If the bathroom air volume is 10 cubic meters (~6.5 X 6.5 X 8 feet), that’d mean you’d have to have a volume of something like 0.4-4.4 cubic meters of H2S, which is 400-4,400 L of gas in the bathroom. If that 4% volume were H2S, you’d have a concentration of 40,000 ppm in the air. According to the H2S course I just took, you only need 700-1000 ppm (0.07-0.1%) to immediatley render a person unconscious and kill them. So it seems you’ll be killed by the amount of gas required for it to burn in air long before you’ll be able to light the candle. You can smell this gas at concentrations of 0.0001% by volume though… so there’s not near as much gas present as you may think.

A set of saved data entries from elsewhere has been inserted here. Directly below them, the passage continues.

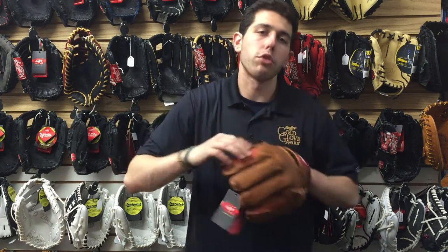If you're playing second, short, or third, you can definitely use a glove like this. This glove has a 200 pattern, so the model reads in the 200 and it feels a little bit bigger on the end — a great glove if you're playing third, second, or short. Awesome color to it as well; it's just a natural looking glove.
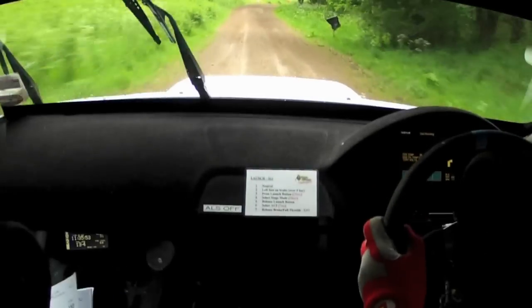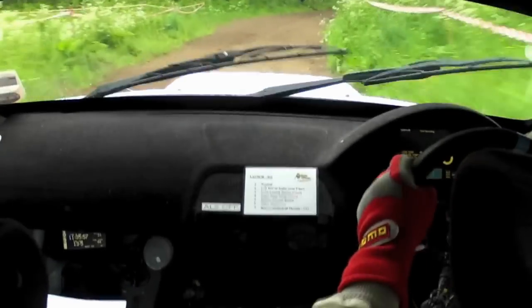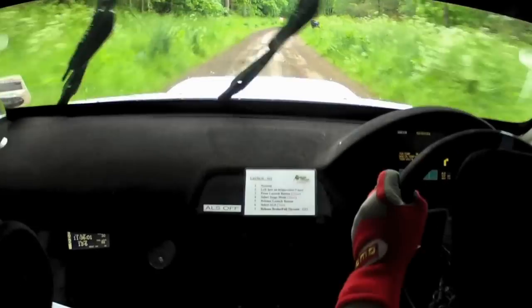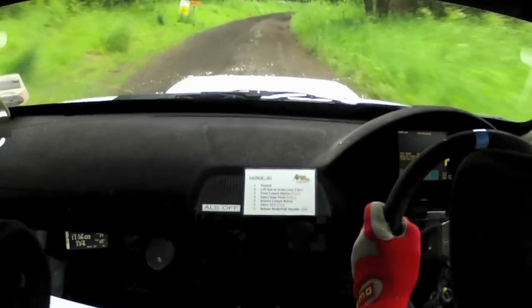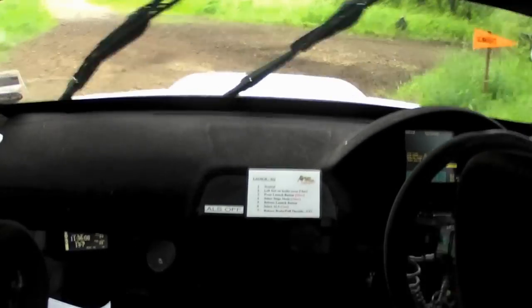Right 1 plus, opens 100. Right 6 long. 40, turn hairpin right plus — slippy, drive it. Right 6 long. 40, turn hairpin right plus. Here we go, drive it. 80, right 6 — don't cut.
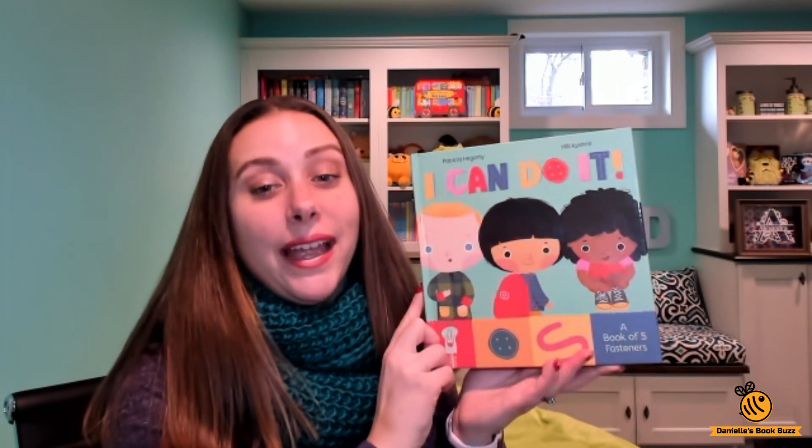Hi, I'm Danielle from Danielle's Book Buzz and I'm an independent consultant with Usborne Books and More. Today I wanted to show you the brand new title, I Can Do It.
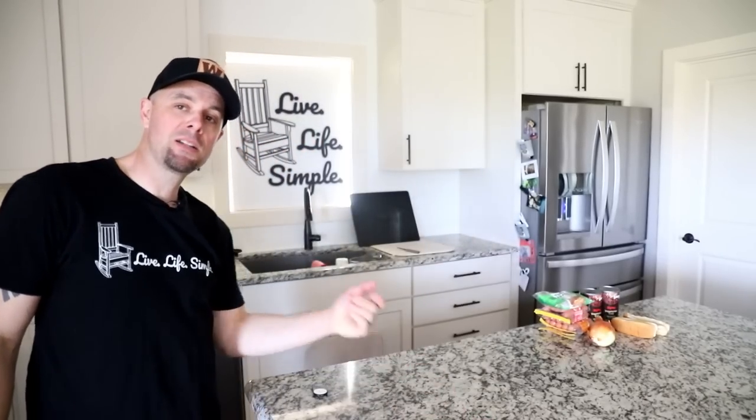Hey guys, it's Brian with Retired at 40. Welcome back to the Live Life Simple Kitchen. I have tried just about anything you can imagine in the freeze dryer — many successes, but also some fails. So every once in a while I feel like I want to redeem myself and make things that have failed in the past work somehow. Today we're going to do one of my handful of fails: freeze dried hot dogs.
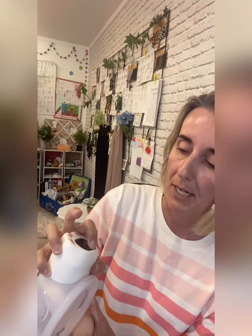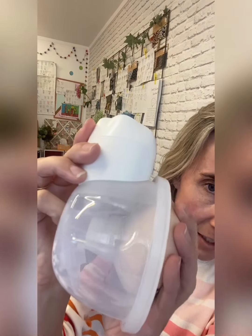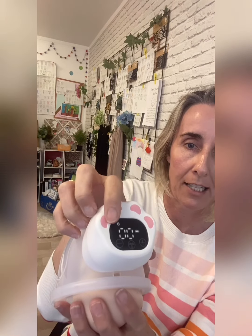It does have a USB charger and an internal battery. You turn it on and you want to do a fast mode first for stimulation — the nipple is being pulled in and out of the tunnel. Once you start getting let down, you go into the lactation mode, which goes into a longer, slower, rhythmic suck, and then you can increase or decrease the level to what's comfortable for you.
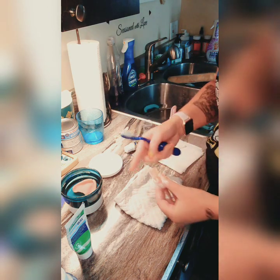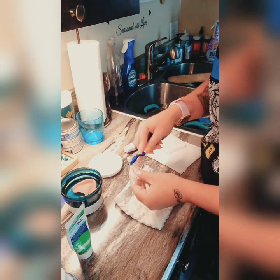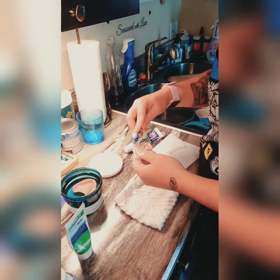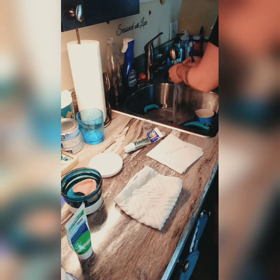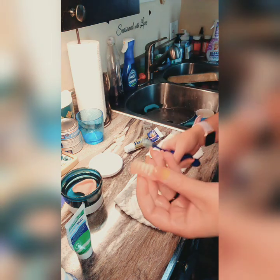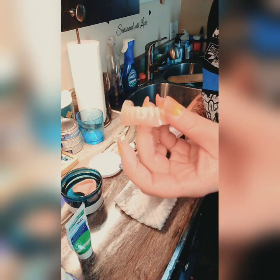I keep a washcloth here to hold the denture. People say fill the sink with water, but why waste water? Plus the denture can break in the sink, so I just use a washcloth. I'm going to rinse this off — this stuff is amazing, it gets it super clean. I only agree with two things for denture cleaning on a budget: Fresh and Bright is great, and Dr. B's Clean It Up paste is my number one.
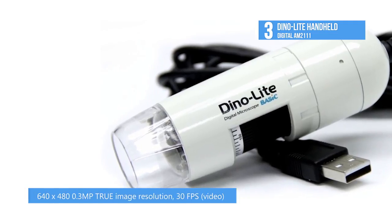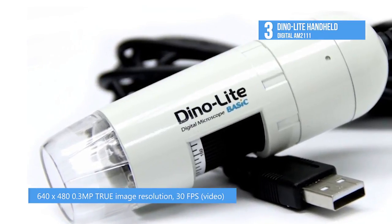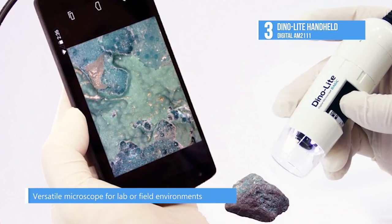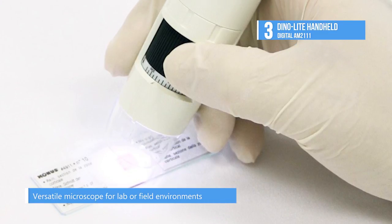Its features include magnification up to 200 times, the capability of interfacing to the PC, adjustable focus, quick and easy installation, and stylish design. The Dino Digital Microscope provides high-quality microscopy video interfacing to PC.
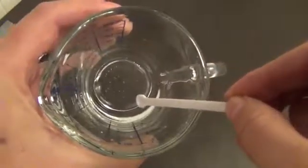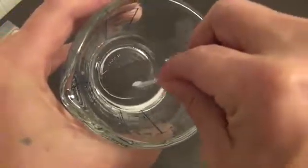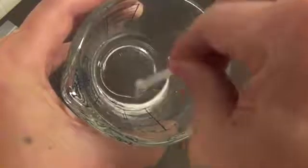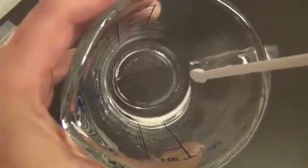There it is — it dissolved right up, except for just a little tiny bit. If I keep stirring, all that'll go away too. There you have it folks: dissolving BAP, very simple.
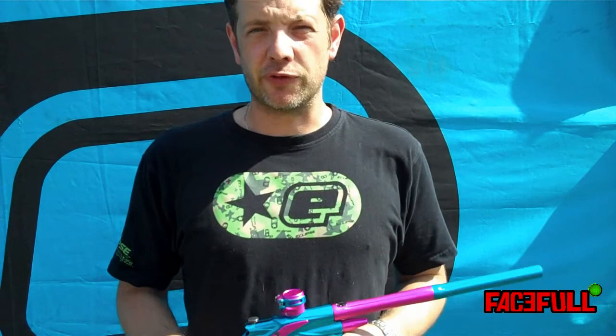Hi, I'm Jack Wood from Planet Eclips. We're at the 2009 World Cup, here with the Ego 10.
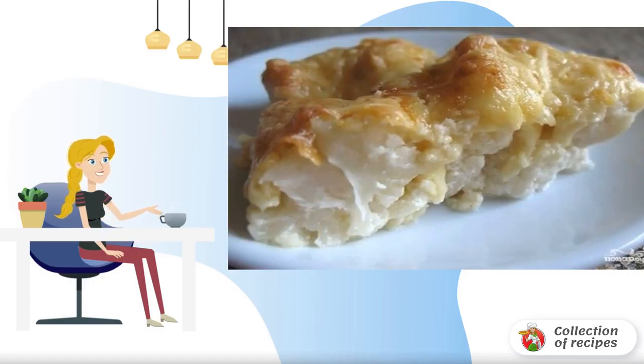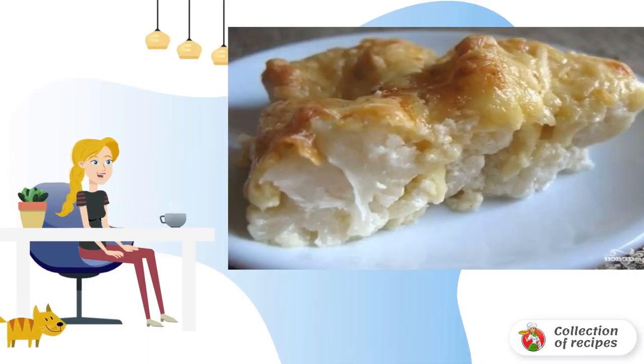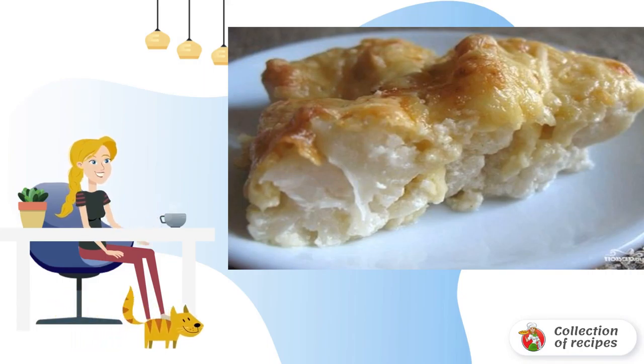Cauliflower baked in cream under a crispy cheese crust is a godsend for lovers of delicious food. The dish is prepared very simply and does not require much effort.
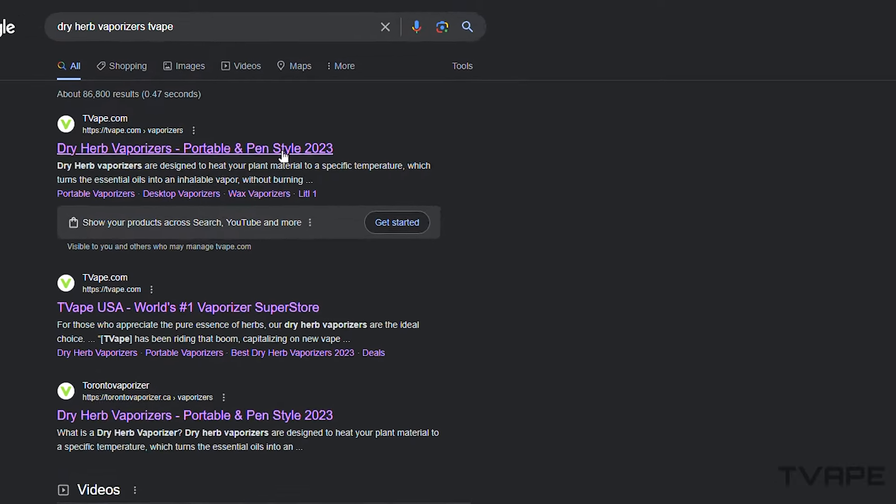Before I dive into the Venti, if you want to know more about dry herb vaporizers, just search Dry Herb Vaporizers T-Vape, which will bring you to our category page. This will let you know more about those types of devices and who they're for. But for now, I'm just going to get into the Venti itself.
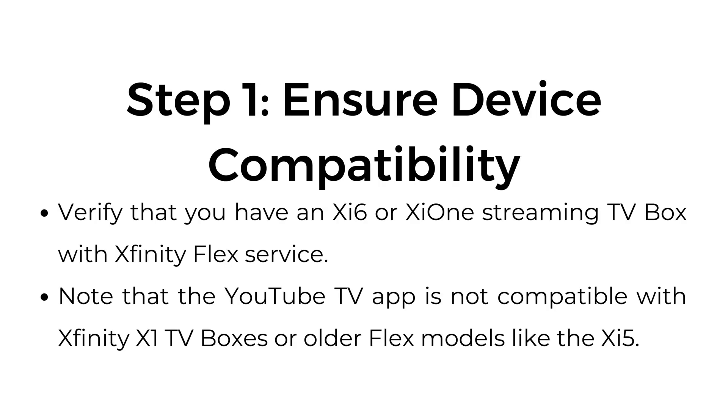Verify that you have an XI6 or XI1 streaming TV box with Xfinity Flex service. Note that the YouTube TV app is not compatible with Xfinity X1 TV boxes or older Flex models like the XI5.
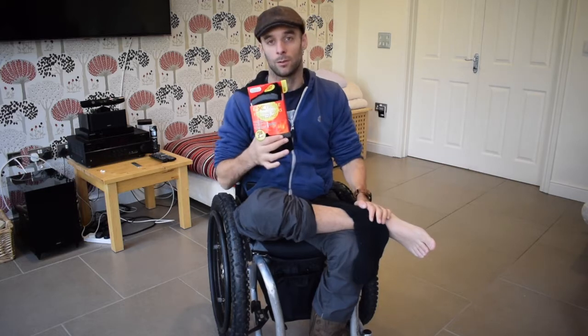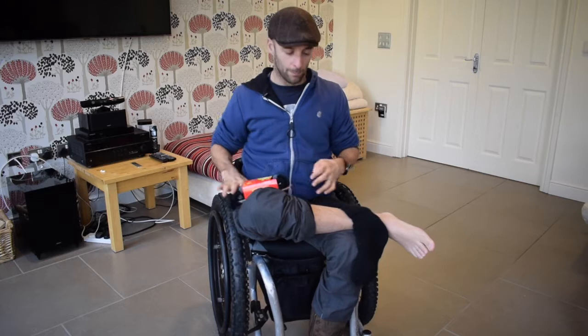If like me, due to bad circulation, you get really cold in the winter, particularly your lower body, then these socks are a great solution for that. They've got a 2.45 Tog rating and they're really warm.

This page says the average person produces about 1/2 L of total “gas” per day (it ain’t all the flammable stuff either)… so unless I’ve made an error here you’d need to have at least 800 people dispense their entire day’s contribution in that bathroom in order for the candle to burn the gas - assuming you let it mix and evenly distribute through the air in that room… otherwise you’d have to have your ignition source a few inches away at the “moment of release” in order for the gas concentration to be high enough to be flammable. This all sounds quite off… have I made a mistake here somewhere, or is the whole concept of burning off fart gas with a candle (rather than simply masking the odour) a steaming load?
Of course the sulphurous smell of matches stinks. But the smoldering tip is an effective antifart device. So why not—duh employ a smoldering tip that smells good?
Further googling will find that Le Petomane could blow out candles 2 feet away from him. That he outsold contemporary actors and comedians has something to be said for him.
I would guess that those limits represent the range in which methane would be able to sustain burning, all by itself. In other words, the individual molecules would be close enough together so that the heat released from the oxidation of some of them would encourage the oxidation of their neighbors. And the high-end of the range would signify the point where there’s not enough oxygen.
If the methane concentration is just 1%, I can’t imagine that a single methane molecule which finds itself inside a flame produced by a candle won’t burn. It just won’t be able to also ignite its closest neighbor, however far away it might be. Given enough time and a huge candle, however, and it’ll eventually burn all the methane in the room.